◆ **THE PROBLEM**:
Once the pictures are set aside, copy the data below exactly as it stands.

---------------

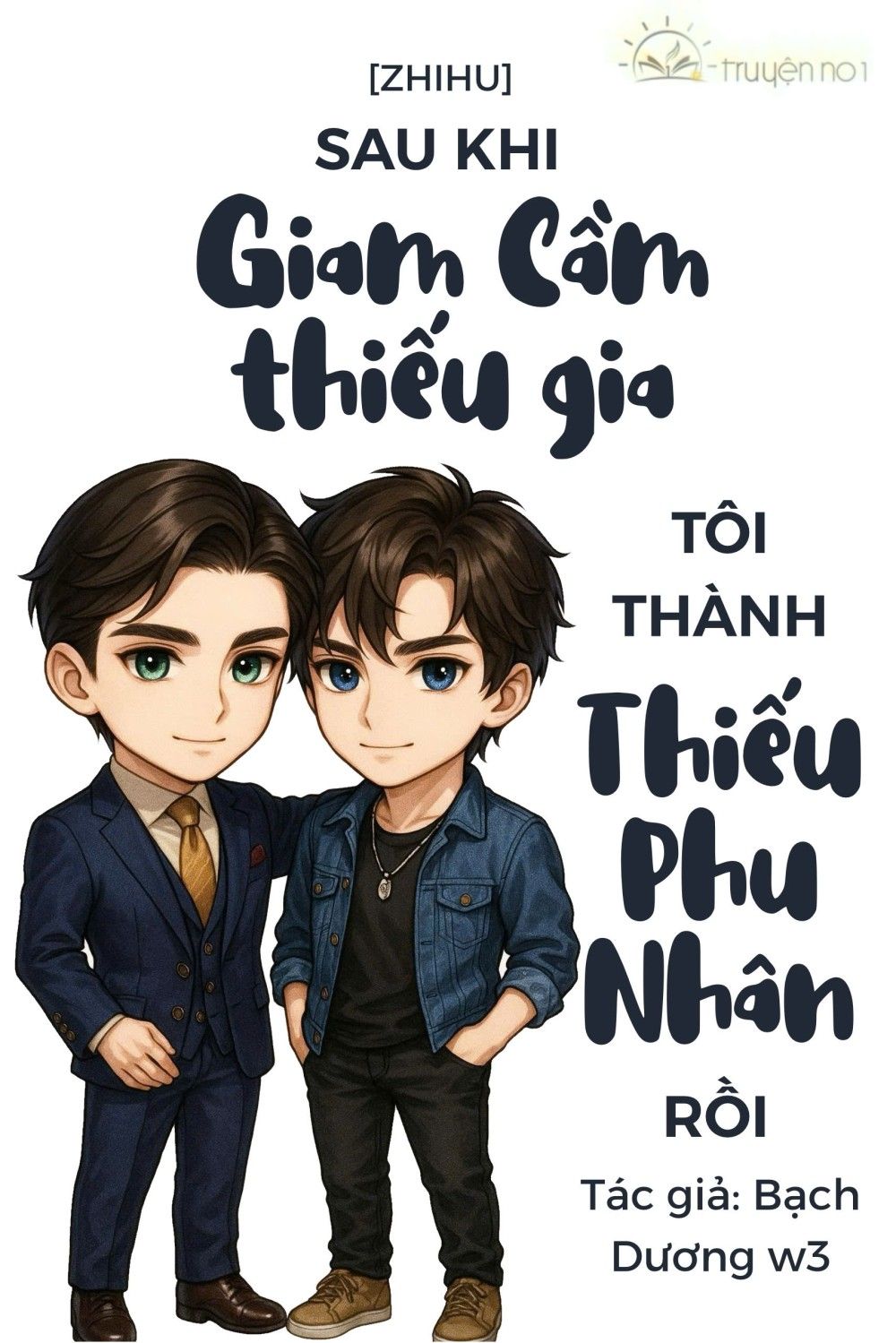 Sau Khi Giam Cầm Thiếu Gia, Tôi Thành Thiếu Phu Nhân Rồi
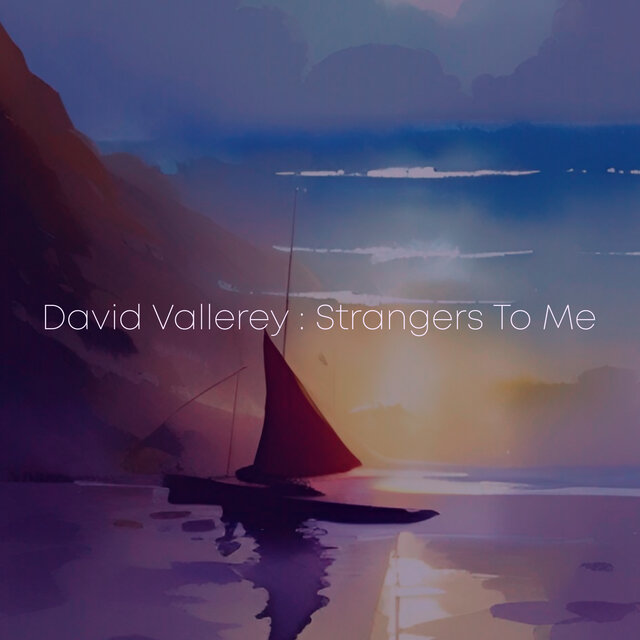 Strangers To Me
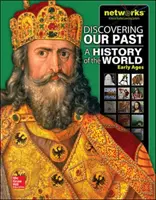 Objavovanie našej minulosti: Vydanie pre študentov: Dejiny sveta - rané veky - Discovering Our Past: A History of the World-Early Ages, Student Edition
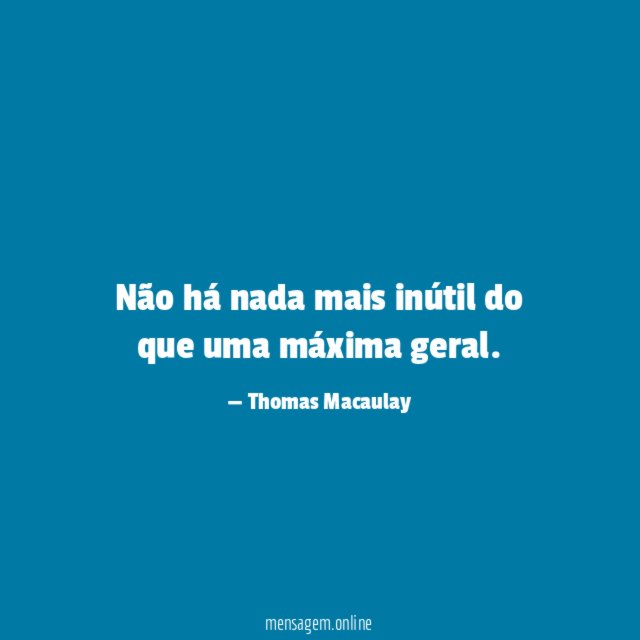 Não há nada mais inútil do que uma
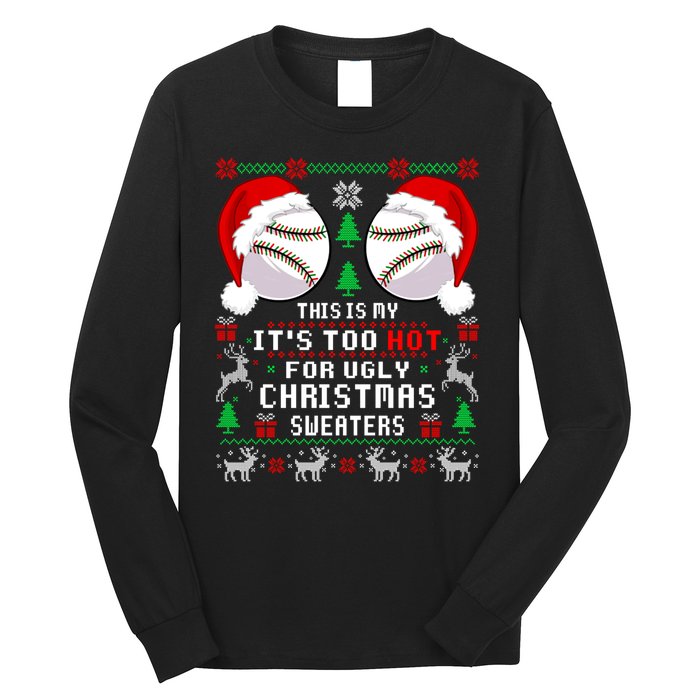 This Is My ItS Too Hot For Ugly Christmas Sweaters Baseball Long Sleeve Shirt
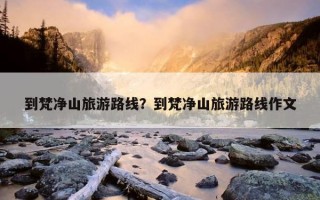 到梵凈山旅游路線？到梵凈山旅游路線作文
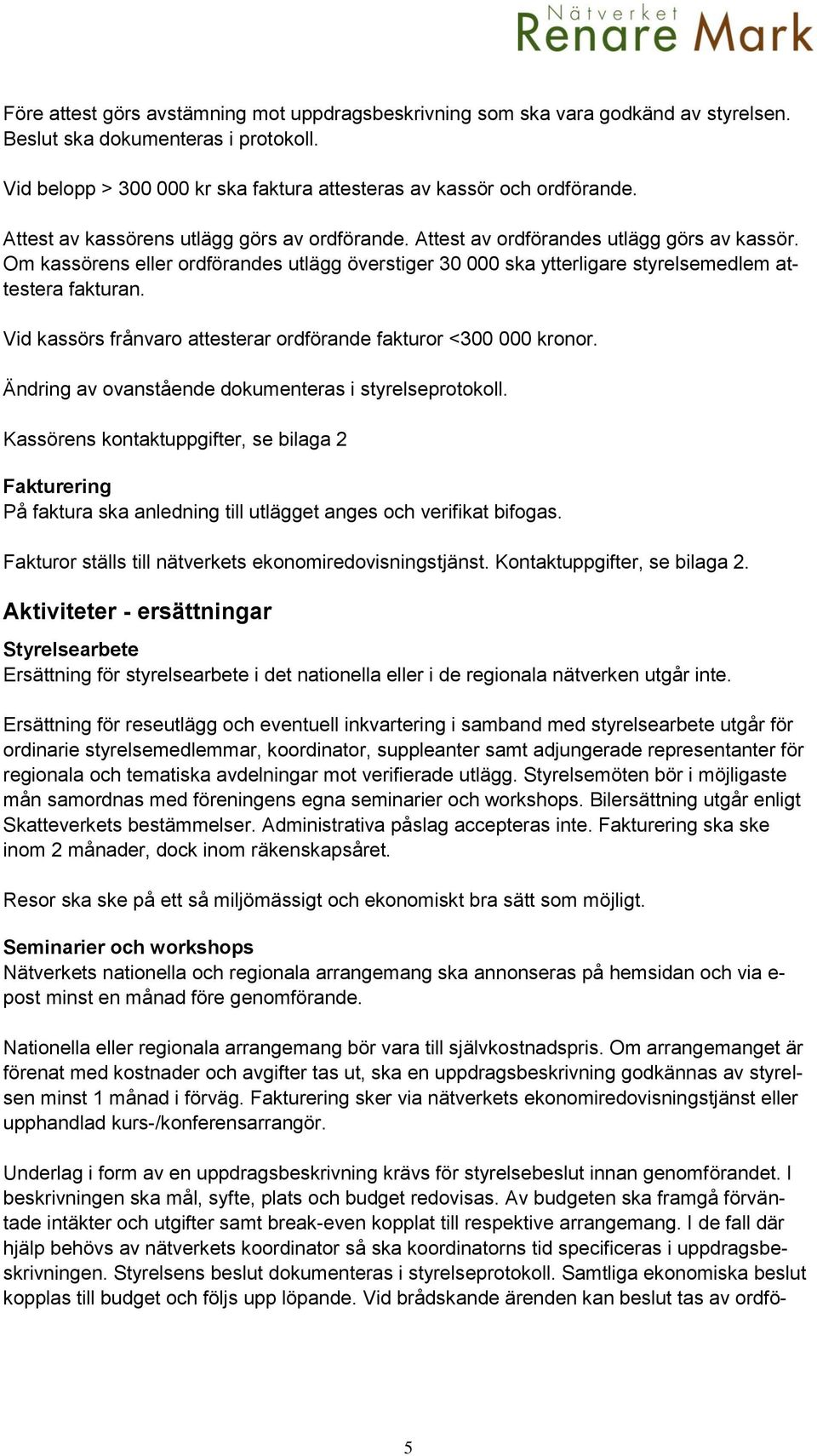Vid kassörs frånvaro attesterar ordförande fakturor <300 000 kronor. Ändring av ovanstående dokumenteras i styrelseprotokoll.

---------------

◆ **RESPONSE AREA**:
 Sau Khi Giam Cầm Thiếu Gia, Tôi Thành Thiếu Phu Nhân Rồi
 Strangers To Me
 Objavovanie našej minulosti: Vydanie pre študentov: Dejiny sveta - rané veky - Discovering Our Past: A History of the World-Early Ages, Student Edition
 Não há nada mais inútil do que uma
 This Is My ItS Too Hot For Ugly Christmas Sweaters Baseball Long Sleeve Shirt
 到梵凈山旅游路線？到梵凈山旅游路線作文
Vid kassörs frånvaro attesterar ordförande fakturor <300 000 kronor. Ändring av ovanstående dokumenteras i styrelseprotokoll.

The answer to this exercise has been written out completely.